The Wednesday afternoon shift in South American weather forecasts rather obviously undercut soybean futures as well. Indeed, given the widespread focus upon growing conditions in that region at this time, it would have been surprising if prices had not declined in response. The drop continued in Wednesday night trading, with Asian and European traders apparently having no wish to buck the short-term downtrend. However, while the overnight drop carried the nearby contract below its 40-day MA, it seemingly found support around the confluence of its 10 and 50-day MAs, which may bode well for the Chicago opening. March soybeans had fallen 12 1/4 cents to $14.24 3/4 in pre-dawn trading, while March soyoil dropped 0.33 cents to 51.70 cents/pound and March meal dipped $4.6 to $411.9/ton.

Although the Southern Plains region of the U.S. is expected to get little relief from the long-term dryness dominating weather conditions, wheat futures proved unable to fight the bearish tide that dragged corn and soybean prices downward Wednesday afternoon. That was also the case in electronic trading early Thursday morning, despite talk that severe Australian drought will undercut production prospects for its winter wheat crop to be planted in the second quarter. News that Japan had continued its recent wheat buying binge did not help much either. The March CBOT future may find support around its 20-day MA (at $7.67), but that seems a rather weak reed upon which to rely. March CBOT wheat had lost 3 1/4 cents to $7.71 1/2 as traders began arriving for the daily pit session, while March KCBT wheat slumped 4 cents at $8.26 1/4, as did March MGE futures at $8.56 1/2.
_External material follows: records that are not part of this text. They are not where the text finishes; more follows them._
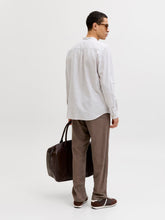 Ladda upp bild till gallerivisning, model_shot-back

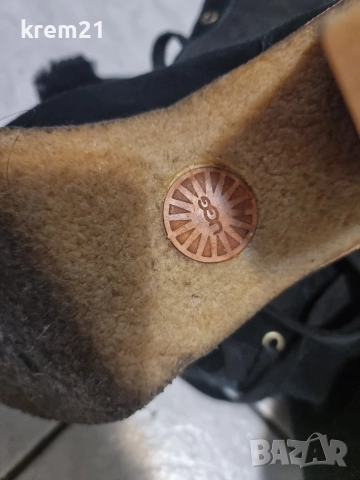 UGG дамски боти на ток номер 40, снимка 3 - Дамски боти - 52971827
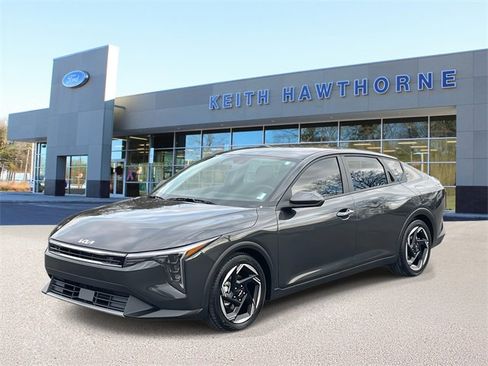 Used 2025 Kia K4 EX image 3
Bullish cattle traders are almost surely hoping for a quick CME futures rebound, especially when viewing the severity of the early-January breakdown. However, their plans were sabotaged again Wednesday, when the conflict over potential Russian restrictions upon U.S. red meat came to light once again. Russia has emerged as a large buyer of American beef, so any restrictions they might impose upon imports of U.S. product have the potential to undercut cattle prices somewhat. The situation was not helped by slipped wholesale prices again yesterday, or by news that a few fed cattle had changed hands at 122 cents/pound. That represents a steady-lower cash quote, which is hardly conducive to bullish futures ideas. Still, the fact that Chicago prices rose slightly Wednesday and again in overnight trading was rather impressive. February cattle seem set to begin the Thursday Chicago session 0.27 cents to 126.05 cents/pound, while April may open 0.12 cents higher at 130.57.

Talk that Russia may impose temporary restrictions on imports of U.S. meat due to the use of ractopamine depressed deferred CME lean hog futures Wednesday, which very likely reflects the fact that the growth promotant is widely used by the U.S. swine industry. Having the proposed ban delayed until early February seemed to leave the nearby February contract largely unaffected, with hopes for seasonal strength apparently supporting the nearby future. Sizeable cash gains, especially in the Western Corn Belt, as well as a modest afternoon rise in pork cutout appeared to boost futures again overnight. The fact that recent gains by the CME lean hog index have left the February future at a discount to the cash equivalent is almost surely providing support as well. February hogs advanced 0.52 cents to 86.50 cents/pound in overnight electronic trading, while June futures added 0.40 cents to 97.30.

Cotton futures posted another strong advance Thursday, which marked its seventh consecutive daily increase. Traders continue thinking the Chinese government inventories built up by their aggressive purchases of the past few months will not come back onto the market anytime soon, thereby rendering the short-term supply/demand situation quite tight. However, technical market aspects may come to the fore during the days ahead, due largely to the overbought nature of ICE futures at this point. That is, its 14-day RSI suggests March cotton is overbought. In addition, a candlestick chartist might easily construe its Wednesday price action as having formed a classic ‘hanging man’ reversal pattern. Thus, we would not be terribly surprised by a short-term setback. March cotton fell 0.42 cents to 80.06 cents/pound in overnight activity, while December slipped 0.08 cents to 79.69.